▼

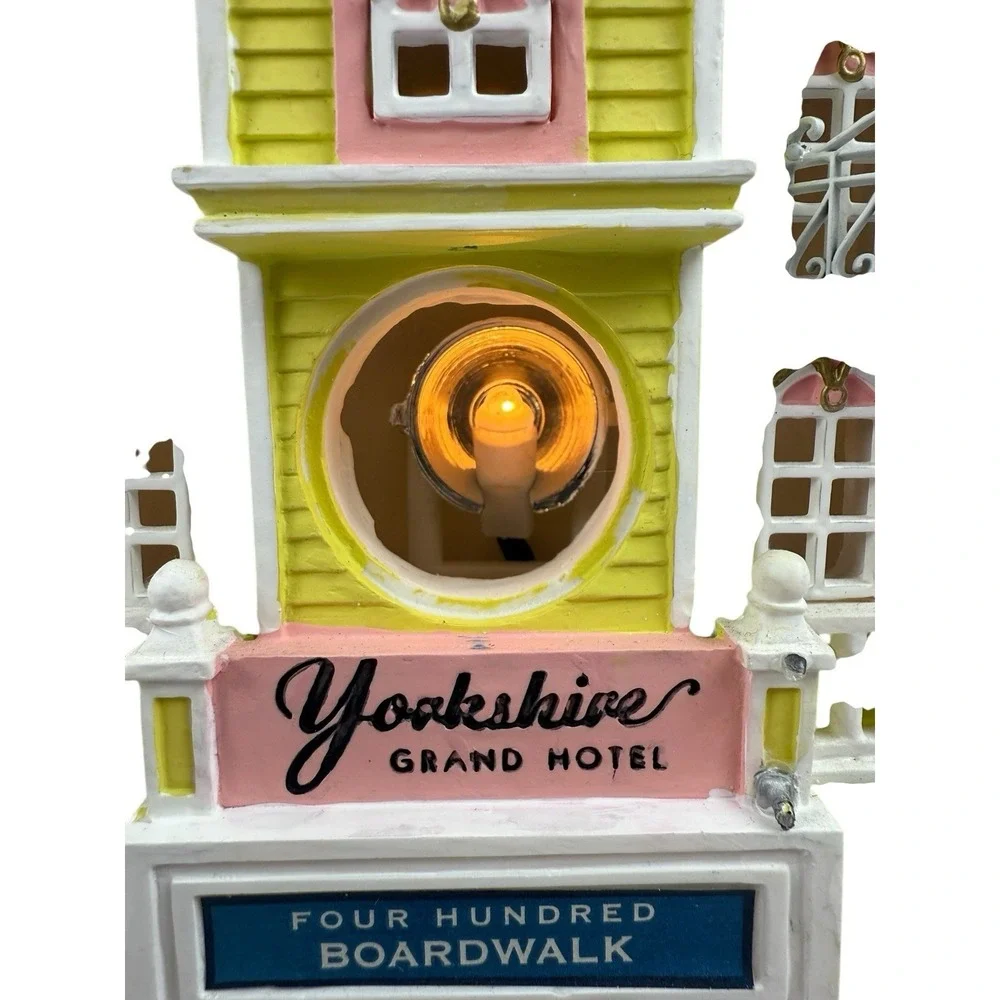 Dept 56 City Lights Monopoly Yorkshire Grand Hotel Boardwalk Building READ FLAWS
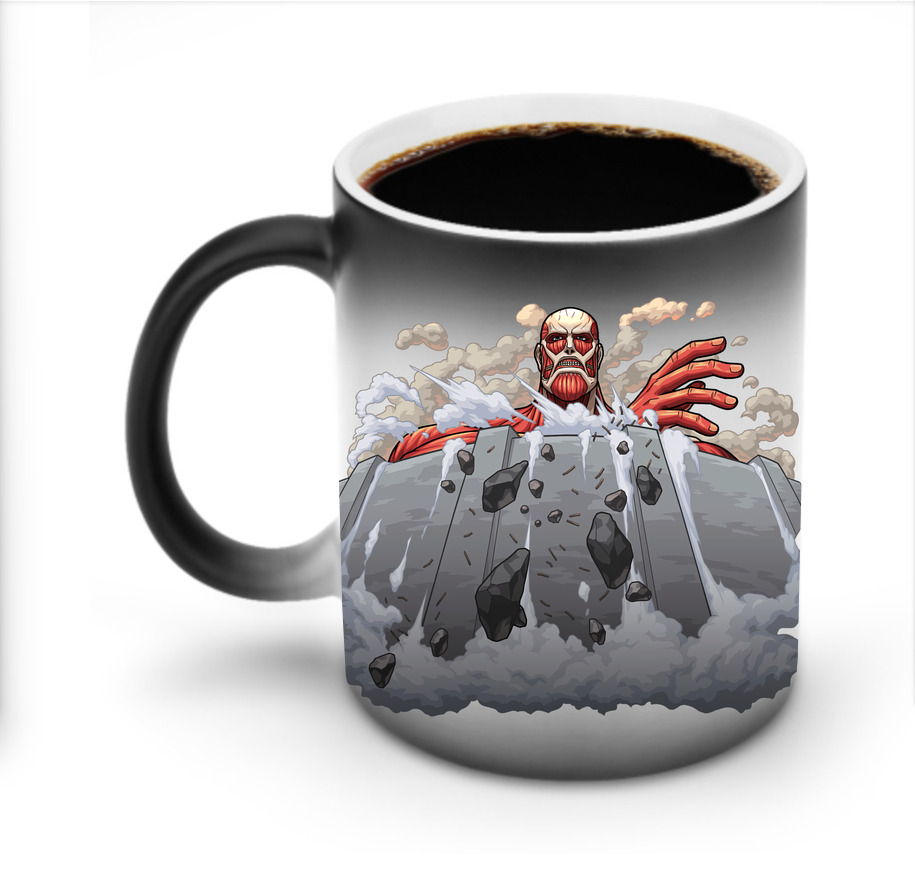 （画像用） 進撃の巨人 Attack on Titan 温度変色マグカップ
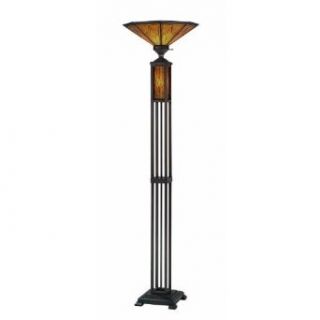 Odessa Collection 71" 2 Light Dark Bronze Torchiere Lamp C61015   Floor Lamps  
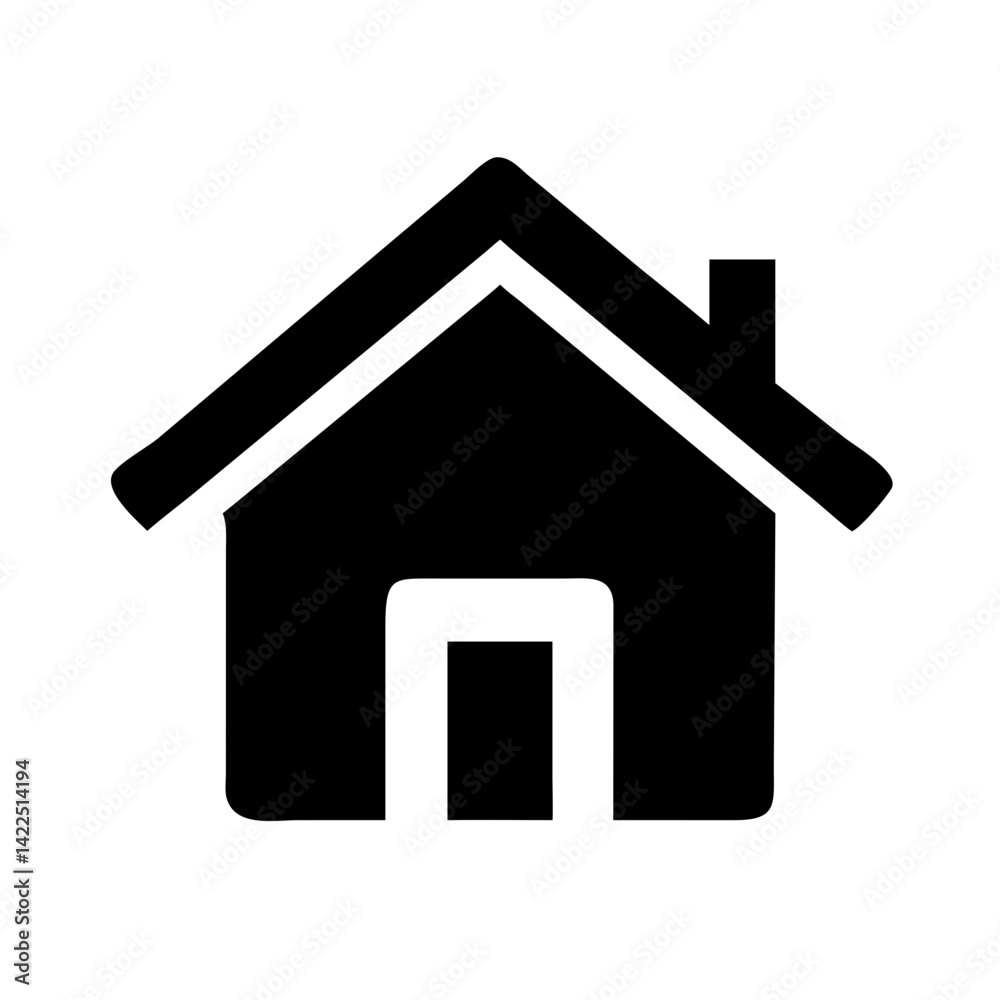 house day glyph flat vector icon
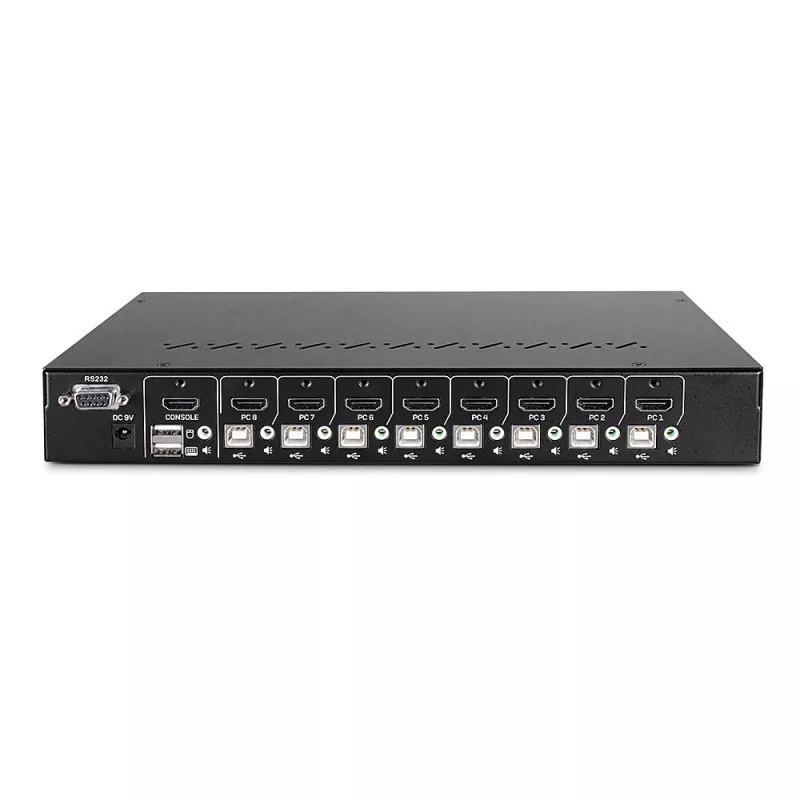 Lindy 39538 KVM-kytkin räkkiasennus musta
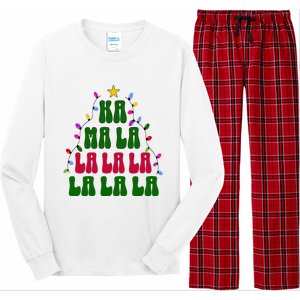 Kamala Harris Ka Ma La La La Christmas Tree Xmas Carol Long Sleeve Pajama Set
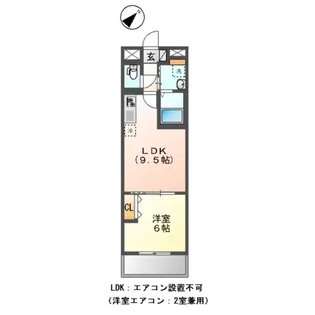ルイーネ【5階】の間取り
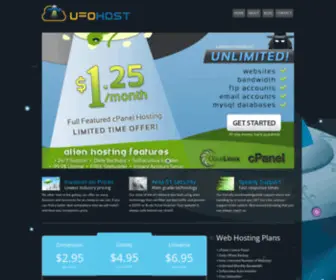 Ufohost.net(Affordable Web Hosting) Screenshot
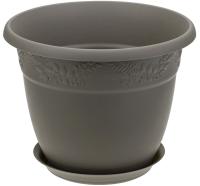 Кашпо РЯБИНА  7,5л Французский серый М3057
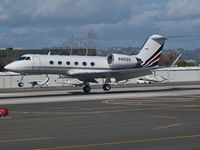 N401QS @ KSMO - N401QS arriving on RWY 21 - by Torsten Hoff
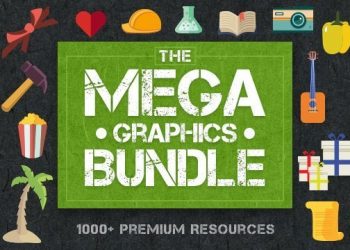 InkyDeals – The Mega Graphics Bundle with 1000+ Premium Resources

▲

WORK TO COMPLETE: Your answer must be an exact transcription of every entry, minus the pictures.

WRITTEN ANSWER:
 Dept 56 City Lights Monopoly Yorkshire Grand Hotel Boardwalk Building READ FLAWS
 （画像用） 進撃の巨人 Attack on Titan 温度変色マグカップ
 Odessa Collection 71" 2 Light Dark Bronze Torchiere Lamp C61015   Floor Lamps  
 house day glyph flat vector icon
 Lindy 39538 KVM-kytkin räkkiasennus musta
 Kamala Harris Ka Ma La La La Christmas Tree Xmas Carol Long Sleeve Pajama Set
ルイーネ【5階】の間取り
 Ufohost.net(Affordable Web Hosting) Screenshot
 Кашпо РЯБИНА  7,5л Французский серый М3057
 N401QS @ KSMO - N401QS arriving on RWY 21 - by Torsten Hoff
 InkyDeals – The Mega Graphics Bundle with 1000+ Premium Resources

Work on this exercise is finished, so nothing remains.